As a scientist, one of my personal commandments was thou shalt not deny the conservation of matter. What we have we always had and always will. Never more. Never less. Always was, is, and will be. It can change, but it won’t disappear. It might look new, but it’s only rearranged. Ice melts into water, water vaporizes into steam, steam condenses into water, water freezes into ice. Always there, always the same, even when different.

Sociologists have their own sort of conservation of matter. Everybody we have is every body we will have. Old people move from the cold of New York to the warmth of Ft. Lauderdale. Immigrants from Caribbean refuges move from south Florida to Chicago to open diners specializing in arroz con gandules. Bright eyed 20 year olds move from Naperville to the seek fame and fortune in Manhattan.

Now, economists want to horn in on the fame afforded to our anything but fortuitous conservation of matter. You’ll recall the landmark post uploaded to this very blog not even some 30 months ago about the ever increasing sizes of American sizes. (If you don’t, you can read it here. If you do but don’t recall it as “landmark,” then you must have a pretty low opinion of yourself reading such drivel. If you do and you do recall it as “landmark,” have I got a bridge to sell you!) To refresh your memory, there is no more small or medium in American. It’s all large, extra large, and full size. This would seem to contradict the natural order of the conservation of matter. Where are the extras going into the larges coming from? In a word, coffee.

Coffee? Yes, coffee. For some time coffee package sizes have been dwindling before our very eyes every time we bring them (our eyes, not the coffee packages) into a grocery store. Years and years and years and years ago, and a few more before that, the standard coffee sizes were one pound cans or bags (for single coffee drinker households), two pound cans (for those teetering on the brink of narcolepsy), and three pound mega-cans (for households with small children). (If you ever had small children you understand that.)  The three pound cans disappears years ago replaced by 36 ounce canisters and the one pound varieties lost 4 ounces to become sleek 12 ounce bags.
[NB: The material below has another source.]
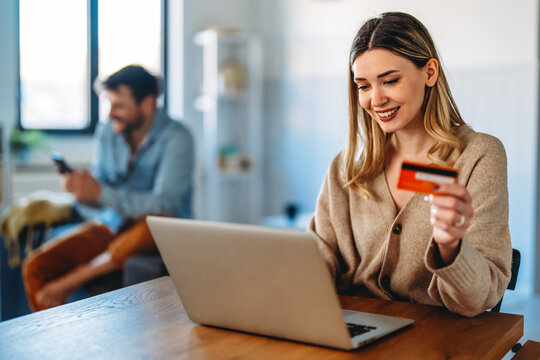 Young woman making an online payment with a credit card and laptop at home, cashless lifestyle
Now the largest single size container of coffee you can buy is a 30 ounce plastic jug, the small choice is a mere 11 ounces (8.4 to 10 ounces for designer brands and flavors), and medium has disappeared altogether.

So you’re going to say that you don’t drink coffee so your matter is indeed growing every time you order a large sweet tea or test drive an extended cab pickup. No, no, no. You might not drink coffee but if you’re partaking of the classic American coffee break you’re part of the proof of the hypothesis, eating one (or maybe two) out of a pack of 21 prepackaged cookies that used to come in cartons of 24, or one of a new baker’s dozen of donuts that now total a mere ten. Crackers that used to be sold in 12 ounce boxes are now 11, and cream cheese for your bagel is in a 6.5 ounce container when once it was 8.

So there you have it. The modern iteration of that most ancient of all absolutes. Everything indeed is as it once was, merely changed.